─── RECORD EXCERPTS
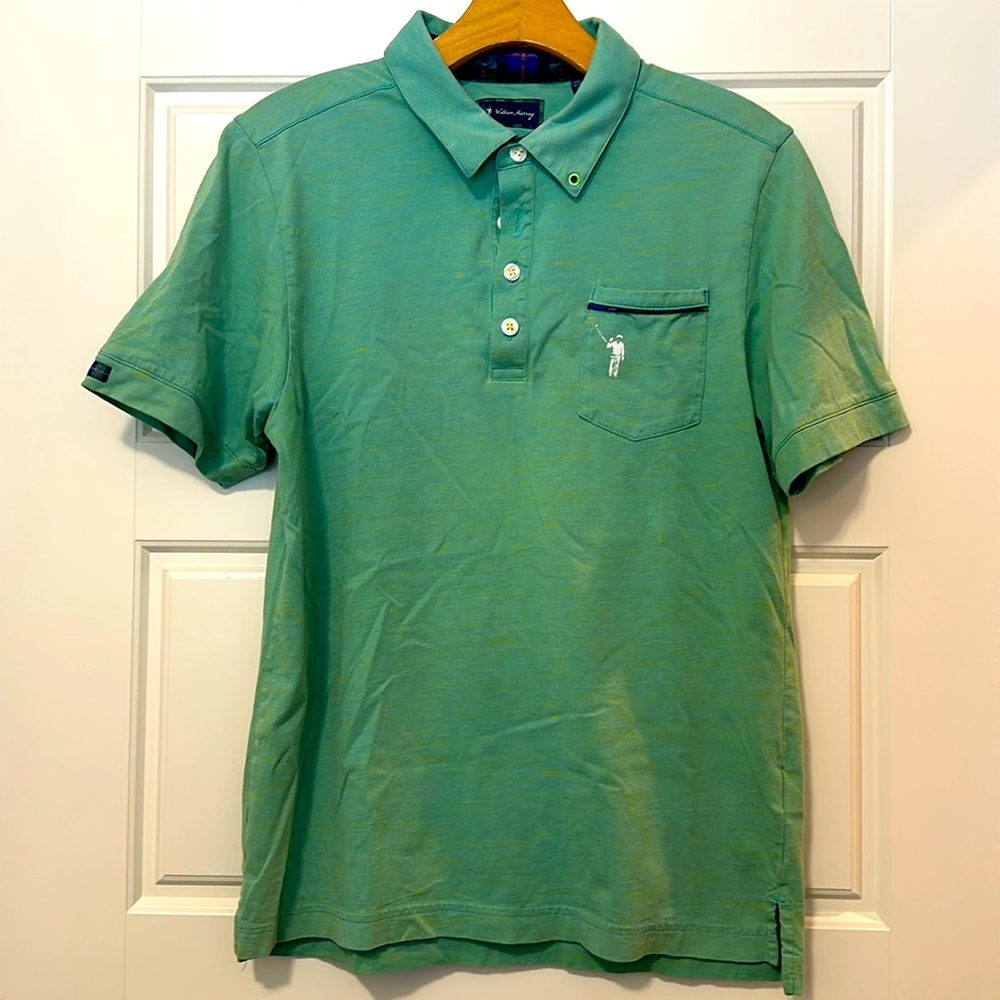 William Murray Golf Shirt.  Size Small.  Green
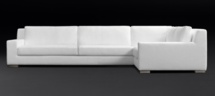 Online Designer Combined Living/Dining Modena Track Arm Sectional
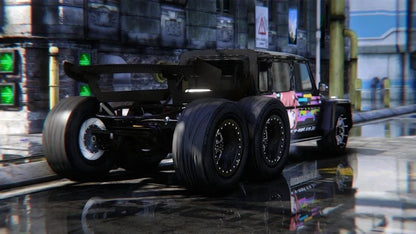Mercedes G63 6x6 Demon 6 Seater (Armored  + 5 Liveries) | 5ifty | Performance Build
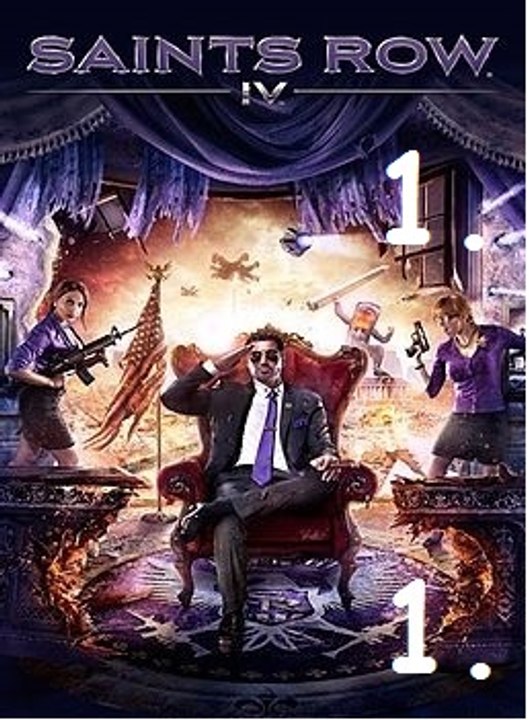 Saint's Row 4 Oynuyoruz ep.1 Aksiyon İstemek Ben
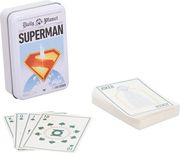 paladone dc superman playing cards in a tin photo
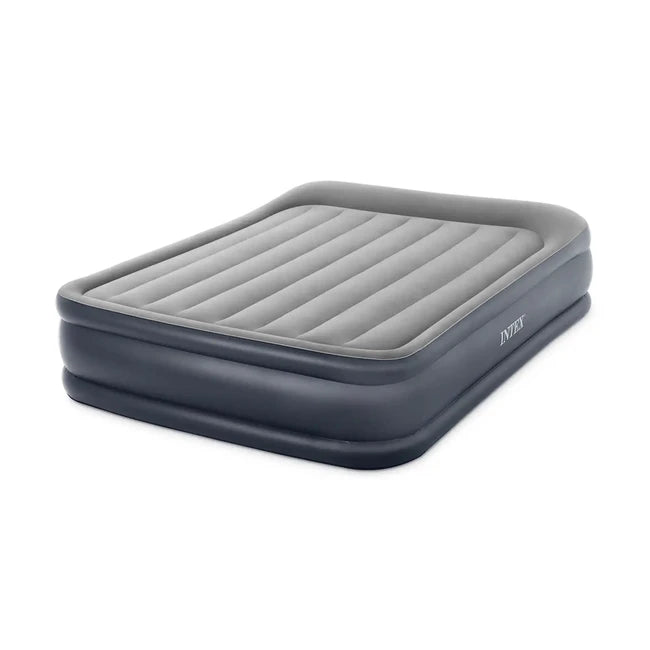 Intex Queen Deluxe Pillow Rest Air Mattress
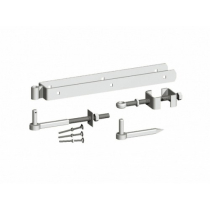 18" FG ADJUSTABLE HINGE SET GALVANISED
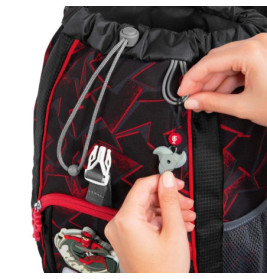 KID Rucksack-Set Ninja Yuma , 3-teilig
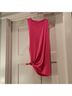 Athleta Solid Pink Sleeveless T-Shirt Size M - photo 4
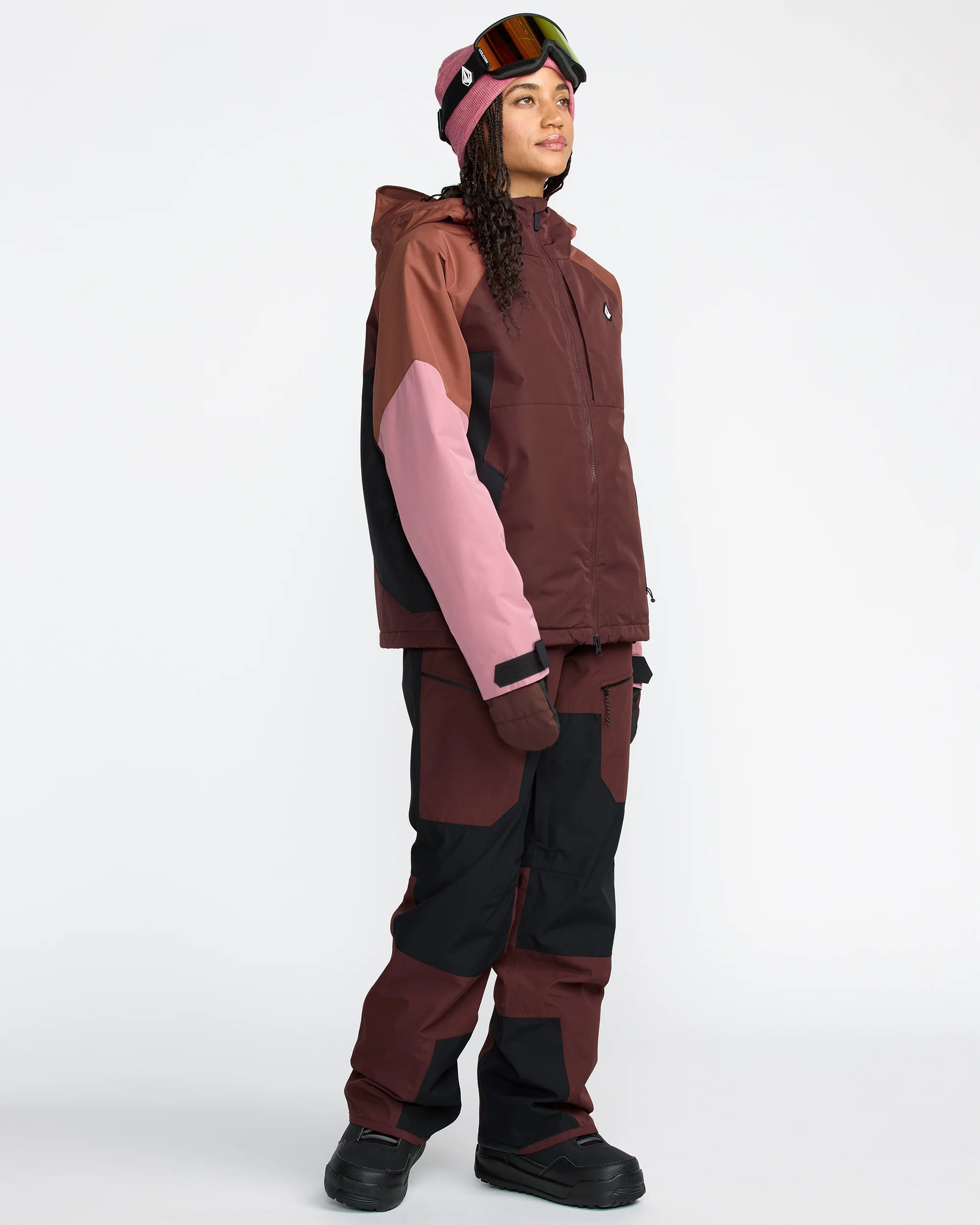 Agate Insulated Jacket - Oxblood - Image 3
──────
• **EXERCISE AIM**
With the images left out, set down every entry exactly.

• **ANSWER TO THIS EXERCISE**
 William Murray Golf Shirt.  Size Small.  Green
 Online Designer Combined Living/Dining Modena Track Arm Sectional
Mercedes G63 6x6 Demon 6 Seater (Armored  + 5 Liveries) | 5ifty | Performance Build
 Saint's Row 4 Oynuyoruz ep.1 Aksiyon İstemek Ben
 paladone dc superman playing cards in a tin photo
 Intex Queen Deluxe Pillow Rest Air Mattress
 18" FG ADJUSTABLE HINGE SET GALVANISED
 KID Rucksack-Set Ninja Yuma , 3-teilig
 Athleta Solid Pink Sleeveless T-Shirt Size M - photo 4
 Agate Insulated Jacket - Oxblood - Image 3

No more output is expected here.